And don't be fooled by the "prize",either,because the "winner' will not be running any multi-million dollar resort in Vegas.Large venues like that don't staff their kitchens via television contests where the contestants are a "night club chef" [fry cook],a nanny,a pastry chef who couldn't even make crepes and a Waffle House line cook.

These people can't make it through a simple dinner service without screwing up,and you mean to tell me that they'd be qualified to run a resort? Dream on!

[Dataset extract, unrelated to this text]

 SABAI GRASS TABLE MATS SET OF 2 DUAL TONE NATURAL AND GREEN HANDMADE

Last year with the Red Rock Resort,I found an article online from the Vegas Trade commission and the press release clearly stated that the winner would get a "position suitable to their skill level".The Exec Chef of Red Rock [forgot his name!] is a CMC.I posted the article on the ****'s Kitchen messageboard and it was prompty removed and I was banned from the boards.The winner [Heather?] works under the Executive Room Chef,which means she's got at least a half dozen chefs above her;she ain't running squat.

C'mon,these fools are running around without hairnets or hats,I don't see a sanitizer bucket anywhere,the food they put out for tastings are no better than a student in Skills 1 class and the "customers" are SAG members trying to get their 10 seconds of fame...

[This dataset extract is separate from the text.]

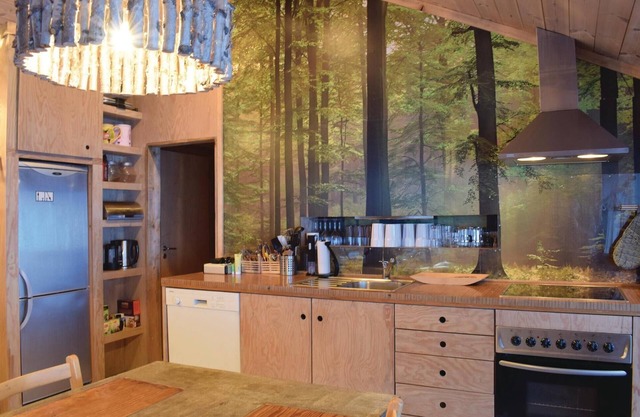 Welcome to this great vacation home in a beautiful setting just outside Hovden.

Shows like this are entertaining,but they make our profession look like a joke.


----------



## atltournant (Apr 24, 2007)

"Executive Chef" can be a rather nebulous term and does not imply skill.His lack of professionalism and immaturity speak volumes to me.

He could be an Exec of some privately-owned place,because I doubt it is anywhere of any respectable reputation.


----------



## chrose (Nov 20, 2000)

ATL that was quite erudite! Well said. :beer:


----------